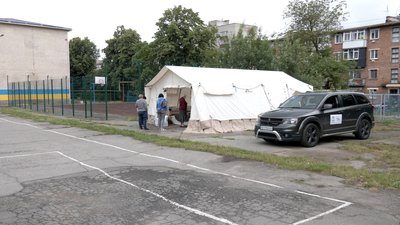 Падіння БПЛА в житловий будинок у Жмеринці: люди ремонтують свої помешкання Падіння БПЛА в житловий будинок у Жмеринці: люди ремонтують свої помешкання
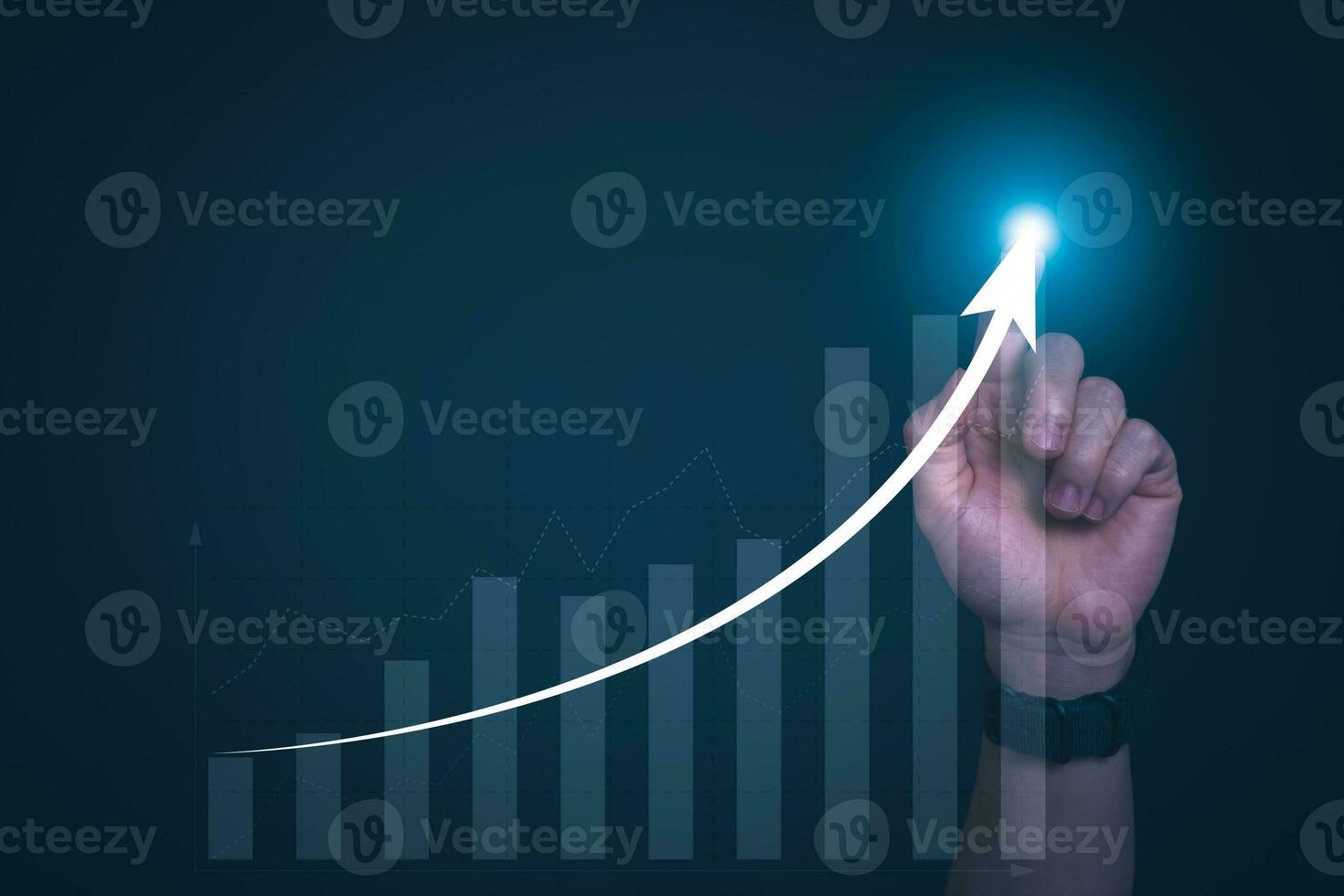 empresario demostración un gráfico y continuo crecimiento de el negocio, inversión fondos en el valores mercado, y digital activos, analizando valores gráfico financiero datos. y forex comercio, digital márketing foto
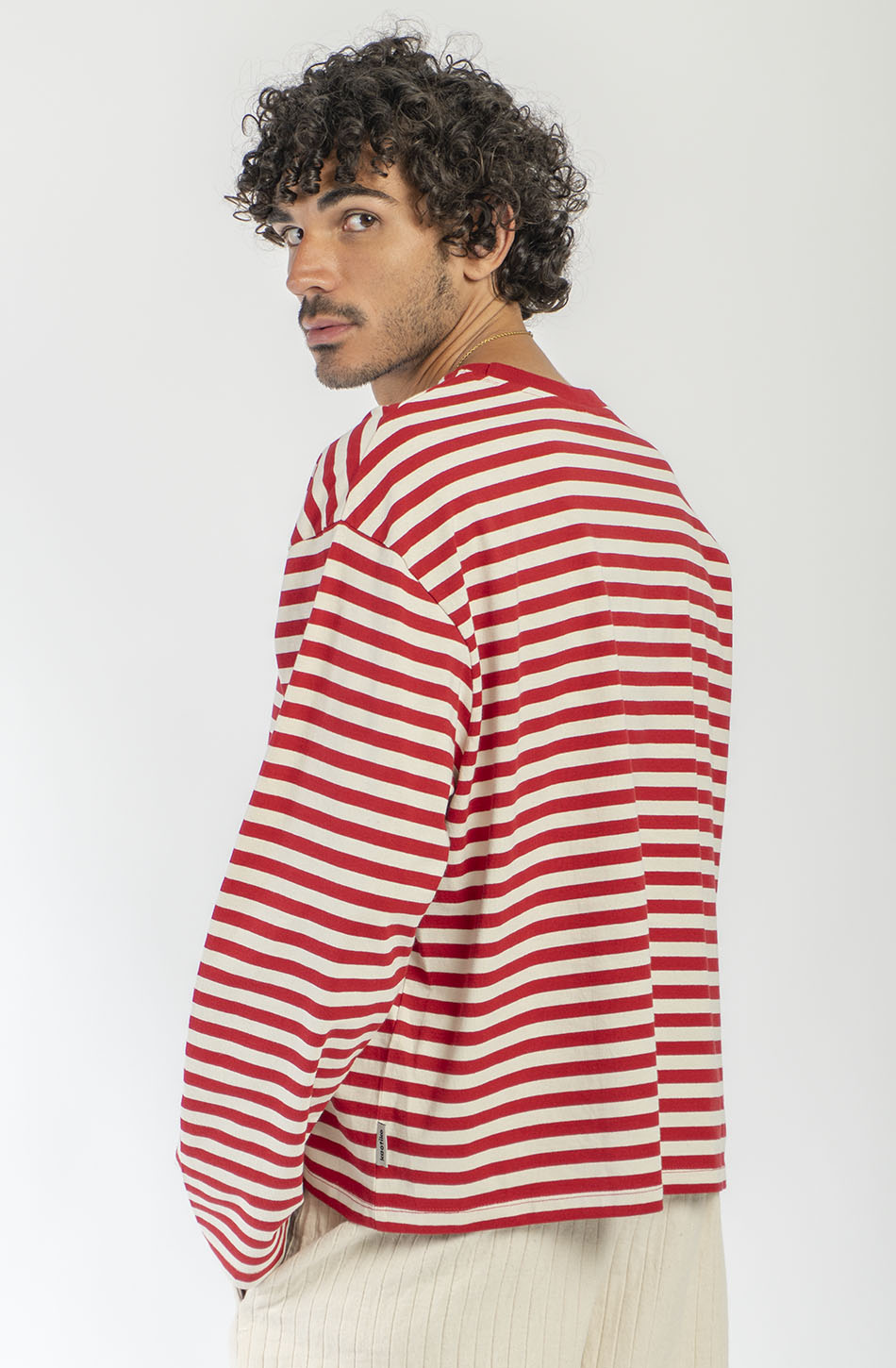 Camiseta Stripes Apres Ski Ivory Burgundy unisex de rayas rojas e ivory con bordado frontal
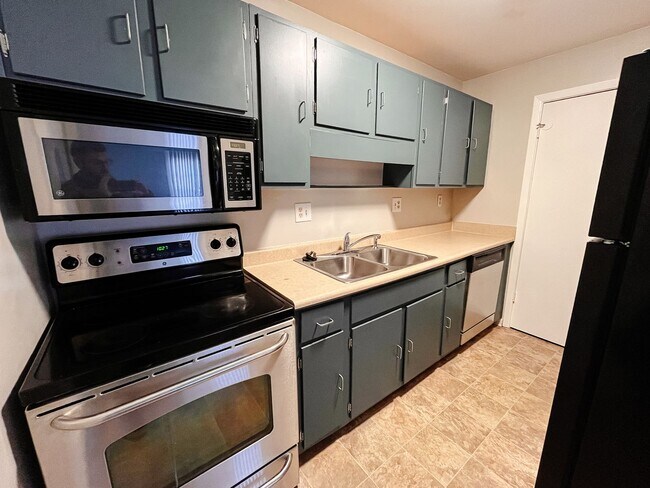 Building Photo - Updated 2 Bedroom, 1 Bath Condo
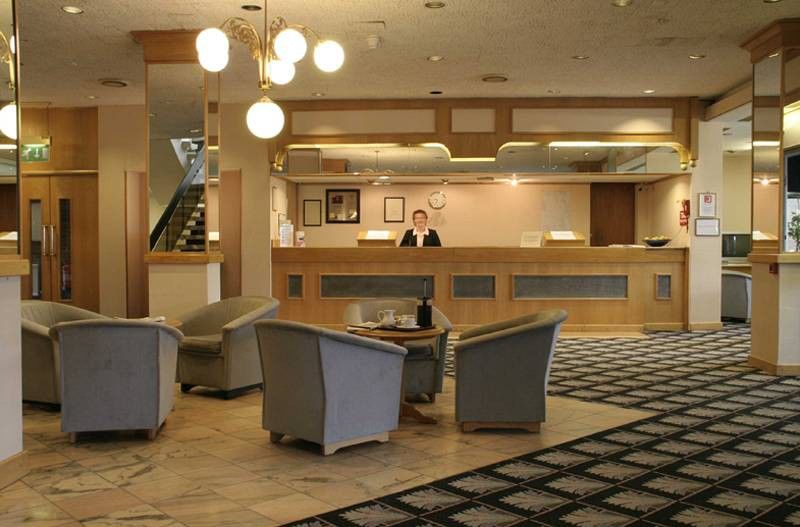 โอโย เดอะ ชิลเทิร์น โฮเต็ล Hotel ลูตัน ภายนอก รูปภาพ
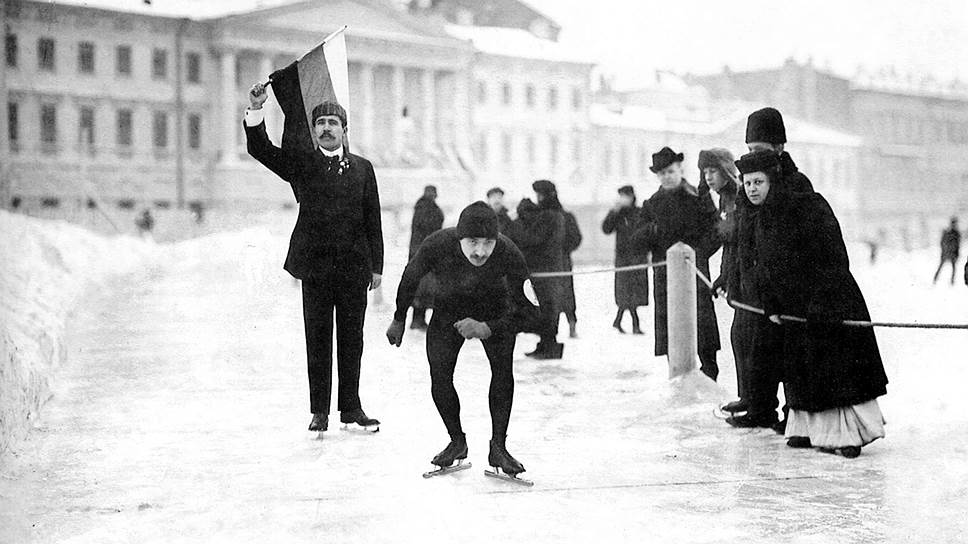 Скоростной бег на коньках пользовался огромной популярностью в Петербурге. Но первые всероссийские соревнования прошли в 1892 году в Москве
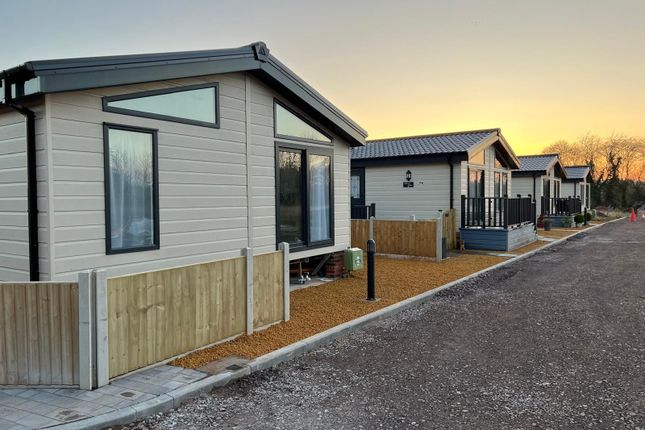 4, Greenacres Park, Cirencester photo 2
● ● ● ●
YOUR ASSIGNMENT =>
Without any pictures, write out the lines running from the one containing "empresario demostración un" through the end of the listing above, both included, exactly as given.

SOLVED EXERCISE =>
 empresario demostración un gráfico y continuo crecimiento de el negocio, inversión fondos en el valores mercado, y digital activos, analizando valores gráfico financiero datos. y forex comercio, digital márketing foto
 Camiseta Stripes Apres Ski Ivory Burgundy unisex de rayas rojas e ivory con bordado frontal
 Building Photo - Updated 2 Bedroom, 1 Bath Condo
 โอโย เดอะ ชิลเทิร์น โฮเต็ล Hotel ลูตัน ภายนอก รูปภาพ
 Скоростной бег на коньках пользовался огромной популярностью в Петербурге. Но первые всероссийские соревнования прошли в 1892 году в Москве
 4, Greenacres Park, Cirencester photo 2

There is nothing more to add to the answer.